5.10 Reports Under Securities Exchange Act of 1934. With a view to making
available to the Holders the benefits of Rule 144 and any other rule or
regulation of the SEC that may at any time permit a Holder to sell securities of
the Company to the public without registration or pursuant to a registration on
Form S-3, the Company agrees to:
(a) make and keep public information available, as those terms are
understood and defined in Rule 144, at all times after 90 days after the
effective date of the registration statement filed in connection with an
Acquisition;
(b) file with the SEC in a timely manner all reports and other
documents required of the Company under the Securities Act and the Exchange Act;
and
(c) furnish to any Holder, so long as the Holder owns any
Registrable Securities, forthwith upon request (i) a copy of the most recent
annual or quarterly report of the Company and such other reports and documents
so filed by the Company, and (ii) such other information as may be reasonably
requested in availing any Holder of any rule or regulation of the SEC which
permits the selling of any such securities without registration or pursuant to
such form.
5.11 Permitted Transferees. The rights to cause the Company to register
Registrable Securities granted to the Holders by the Company under this Article
V may be assigned in full by a Holder in connection with a transfer by such
Holder of its Registrable Securities if: (a) such Holder gives prior written
notice to the Company; (b) such transferee agrees to comply with the terms and
provisions of this Agreement; (c) such transfer is otherwise in compliance with
this Agreement; and (d) such transfer is otherwise effected in accordance with
applicable securities laws. Except as specifically permitted by this Section
5.11, the rights of a Holder with respect to Registrable Securities as set out
herein shall not be transferable to any other Person, and any attempted transfer
shall cause all rights of such Holder therein to be forfeited.

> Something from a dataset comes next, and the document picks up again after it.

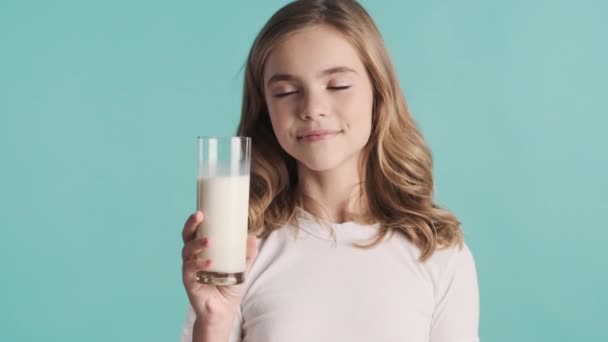 美丽的金发碧眼的少女 留着波浪般的头发 自信地摆出一副蓝底牛奶的架势 — 图库视频影像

5.12 Termination of Registration Rights The right of any Holder to request
inclusion in any registration pursuant to Section 5.2 shall terminate if all
shares of Registrable Securities held by such Holder may immediately be sold
under Rule 144(k).
16
VI. MISCELLANEOUS
6.1 Any notice or other communication given hereunder shall be deemed
sufficient if in writing and sent by registered or certified mail, return
receipt requested, or delivered by hand against written receipt therefor,
addressed as follows:
if to the Company, to it at:
Administration for International Credit & Investment, Inc.
00000 Xxxx Xxxxx Xxxxx, Xxxxx 000
Xxx Xxxxx, XX 00000
Attn: Xxxxxxxx Xxxxxxx, Chief Executive Officer
With a copy to:
Sichenzia Xxxx Xxxxxxxx Xxxxxxx LLP
0000 Xxxxxx xx xxx Xxxxxxxx
Xxx Xxxx, XX 00000
Attn: Xxxx Xxxx, Esq.
if to the Subscriber, to the Subscriber's address indicated on
the signature page of this Agreement.
Notices shall be deemed to have been given or delivered on the date of mailing,
except notices of change of address, which shall be deemed to have been given or
delivered when received.
6.2 Except as otherwise provided herein, this Agreement shall not be
changed, modified or amended except by a writing signed by the parties to be
charged, and this Agreement may not be discharged except by performance in
accordance with its terms or by a writing signed by the party to be charged.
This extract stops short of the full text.